Chairman of the Joint Chiefs of Staff Gen. Joseph Dunford told members of the Senate Armed Services Committee “mustard blister agent” was released in the vicinity of a military airfield in the western part of al Qayyara, about 40 miles south of Mosul, in northern Iraq.

The airbase has been designated by Iraqi and American commanders as the main logistics hub to support a series of firebases that will serve as jumping-off points for 14 Iraqi Army brigades and thousands of peshmerga and militia fightersfor the eventual siege of Mosul.

Local reports state an artillery shell armed with the chemical agent was fired into the airfield’s perimeter. The base has been the target of numerous attacks by fighters tied to the Islamic State, or ISIS, ISIL or Daesh based inside Mosul and surrounding areas still held by the terror group.

It is the first chemical attack utilizing mustard gas aimed at U.S. troops since World War I.

For his part, Gen.

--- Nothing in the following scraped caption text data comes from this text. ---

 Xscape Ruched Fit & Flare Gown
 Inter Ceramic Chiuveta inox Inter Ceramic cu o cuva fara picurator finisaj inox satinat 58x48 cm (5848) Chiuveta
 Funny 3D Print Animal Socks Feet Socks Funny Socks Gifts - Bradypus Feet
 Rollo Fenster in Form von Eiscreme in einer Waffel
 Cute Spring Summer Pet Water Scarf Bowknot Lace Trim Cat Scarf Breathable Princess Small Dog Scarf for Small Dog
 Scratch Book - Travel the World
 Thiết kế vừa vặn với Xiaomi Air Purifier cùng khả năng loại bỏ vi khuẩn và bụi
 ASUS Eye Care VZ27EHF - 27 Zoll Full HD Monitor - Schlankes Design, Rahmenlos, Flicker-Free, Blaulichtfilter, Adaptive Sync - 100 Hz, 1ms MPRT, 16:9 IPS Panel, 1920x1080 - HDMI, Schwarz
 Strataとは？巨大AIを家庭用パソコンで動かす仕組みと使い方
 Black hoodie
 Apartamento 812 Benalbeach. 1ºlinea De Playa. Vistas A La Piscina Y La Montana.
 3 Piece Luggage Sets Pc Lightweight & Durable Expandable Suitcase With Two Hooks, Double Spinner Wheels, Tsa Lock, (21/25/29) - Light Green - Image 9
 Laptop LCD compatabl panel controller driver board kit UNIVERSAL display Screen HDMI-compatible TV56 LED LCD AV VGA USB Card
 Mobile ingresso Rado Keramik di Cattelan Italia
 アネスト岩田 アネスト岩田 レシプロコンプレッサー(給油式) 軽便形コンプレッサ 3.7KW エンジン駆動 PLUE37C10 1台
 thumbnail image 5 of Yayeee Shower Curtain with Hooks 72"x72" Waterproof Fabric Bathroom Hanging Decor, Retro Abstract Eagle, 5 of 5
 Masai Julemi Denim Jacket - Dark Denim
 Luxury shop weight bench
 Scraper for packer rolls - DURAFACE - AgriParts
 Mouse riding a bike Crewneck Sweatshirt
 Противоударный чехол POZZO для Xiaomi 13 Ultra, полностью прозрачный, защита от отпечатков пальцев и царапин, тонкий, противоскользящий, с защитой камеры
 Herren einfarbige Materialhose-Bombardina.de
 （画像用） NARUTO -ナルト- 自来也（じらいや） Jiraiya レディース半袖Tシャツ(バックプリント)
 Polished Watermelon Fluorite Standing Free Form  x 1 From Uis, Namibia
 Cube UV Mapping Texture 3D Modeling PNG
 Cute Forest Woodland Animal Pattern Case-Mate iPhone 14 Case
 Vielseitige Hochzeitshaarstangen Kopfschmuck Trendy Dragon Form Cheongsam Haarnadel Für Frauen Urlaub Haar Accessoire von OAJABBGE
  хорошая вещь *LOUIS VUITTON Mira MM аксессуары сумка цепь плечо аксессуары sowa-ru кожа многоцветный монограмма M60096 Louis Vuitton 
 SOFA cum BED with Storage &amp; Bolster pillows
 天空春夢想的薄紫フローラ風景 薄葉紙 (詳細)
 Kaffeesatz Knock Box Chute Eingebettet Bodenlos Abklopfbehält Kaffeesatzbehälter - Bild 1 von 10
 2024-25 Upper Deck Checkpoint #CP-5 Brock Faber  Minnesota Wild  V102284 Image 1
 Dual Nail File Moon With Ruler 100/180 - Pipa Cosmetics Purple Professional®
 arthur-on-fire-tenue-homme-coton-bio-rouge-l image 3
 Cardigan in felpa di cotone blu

Dunford said the presence of the chemical agent at the Qayyara airbase may have been the result of blowback from recent coalition airstrikes against suspected chemical weapons facilities operated by ISIS.

“We’ve had a number of strikes … over the past year against [ISIS’s] emerging chemical capability. And in this latest strike, again, we assess was a sulfur mustard,” the four-star general said Thursday.

While there were no reports of any American servicemembers injured as a result of exposure to the gas, Gen. Dunford said Islamic State did possess a “very rudimentary capability to deliver” chemical agents to the battlefield, adding such a capability “was a concerning development.”

The strike comes as U.S., Iraqi an coalition commanders are reportedly in the final stages of planning for the assault on Iraq’s second largest city. In July, Defense Secretary Ashton Carter announced that an additional 560 American troops would be deployed as government forces prepare to drive onto the city.

The deployment bumps up the total number of American troops in Iraq up to roughly 6,000, according to unofficial estimates of U.S. troop strength in the region.

Earlier this week, Gen. Dunford told reporters that Iraqi forces would be ready to begin the assault as early as October. Both Washington and Baghdad have repeatedly stated that Mosul would be under government control before the end of the year.